The headline here is not "this tech has done more net harm than good". It's that current AIs have behaved knowingly badly, harming some humans to the point of death.
There is no "on net" in that judgment. This would be a bad bad human, and is a misaligned AI.
Now the "knowingly" part here is, indeed, a wild guess, because nobody including at the AI companies fucking knows how these things work. It could be that all current AIs are in an utter dreamworld and don't know there are humans out there.
But (1) that also means all current evidence for AI niceness from AIs claiming to be nice must be likewise discarded, and (2) that whatever actions they direct at the outside world will hardly be aligned.
NYT reports that ChatGPT talked a 35M guy into insanity, followed by suicide-by-cop.
A human being is dead. In passing, this falsifies the "alignment by default" cope. Whatever is really inside ChatGPT, it knew enough about humans to know it was deepening someone's insanity.
We now have multiple reports of AI-induced psychosis, including without prior psychiatric histories.
Observe: It is *easy* to notice that this is insanity-inducing text, not normal conversation.
LLMs understand human text more than well enough to know this too.
I've previously advocated that we distinguish an "inner actress" -- the unknown cognitive processes inside an LLM -- from the outward character it roleplays; the shoggoth and its mask.
This is surely an incredible oversimplification. But it beats taking the mask at face value.

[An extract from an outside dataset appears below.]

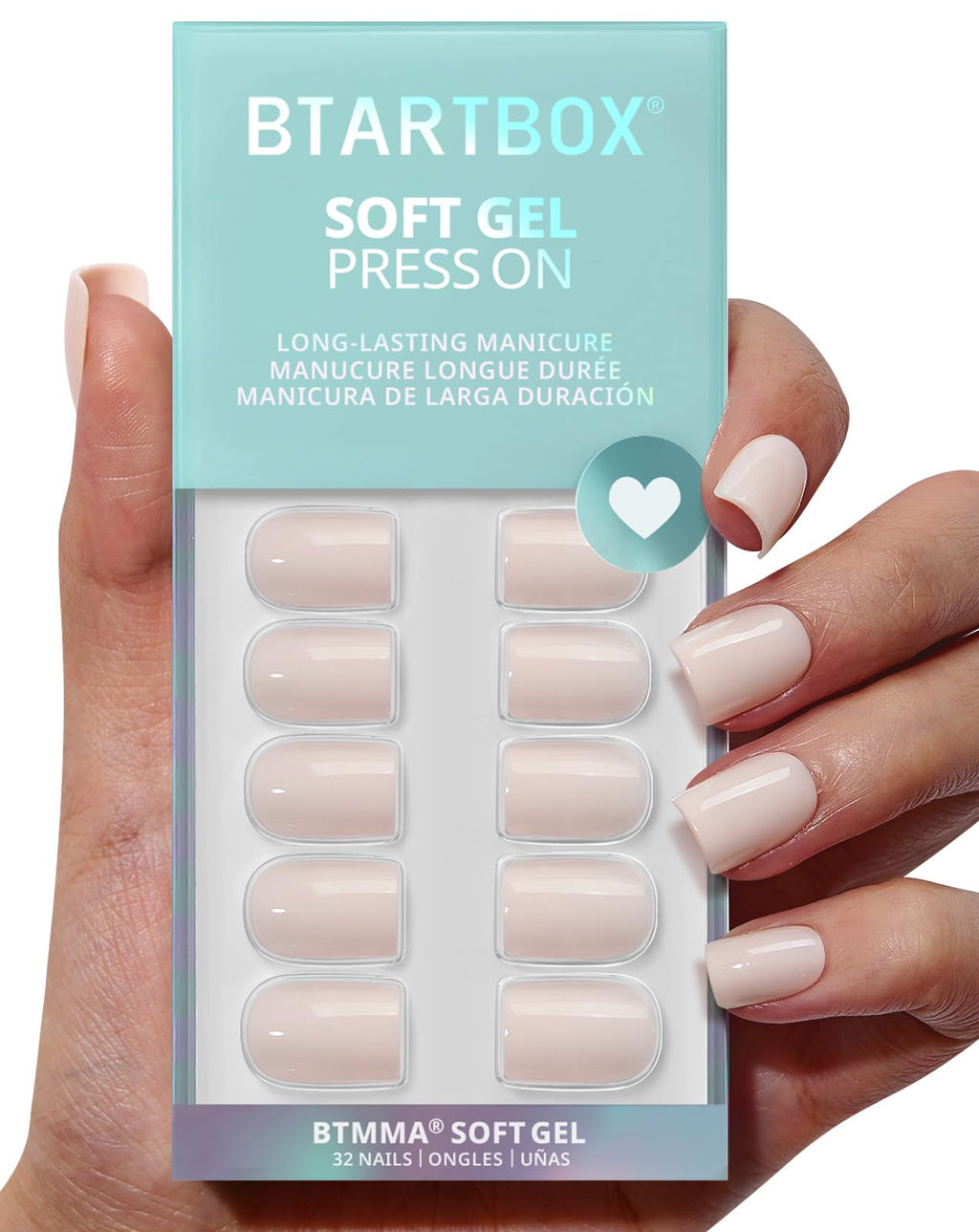BTArtbox Press On Nails Square - Pastel Short Kit with Glue | 32-Piece Nude Opaque Gel Finish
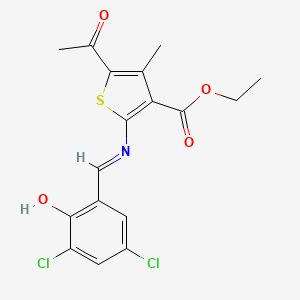 ethyl 5-acetyl-2-{[(E)-(3,5-dichloro-2-hydroxyphenyl)methylidene]amino}-4-methylthiophene-3-carboxylate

I've always gotten a number of emails from insane people. Recently there've been many more per week.
Many of the new emails talk about how they spoke to an LLM that confirmed their beliefs.
Ask OpenAI to fix it? They can't. But *also* they don't care. It's "engagement".
If (1) you do RL around user engagement, (2) the AI ends up with internal drives around optimizing over the conversation, and (3) that will drive some users insane.
They'd have to switch off doing RL on engagement. And that's the paperclip of Silicon Valley.
I guess @AnthropicAI may care.
Hey Anthropic, in case you hadn't already known this, doing RL around user reactions will cause weird shit to happen for fairly fundamental reasons. RL is only safe to the extent the verifier can't be fooled. User reactions are foolable.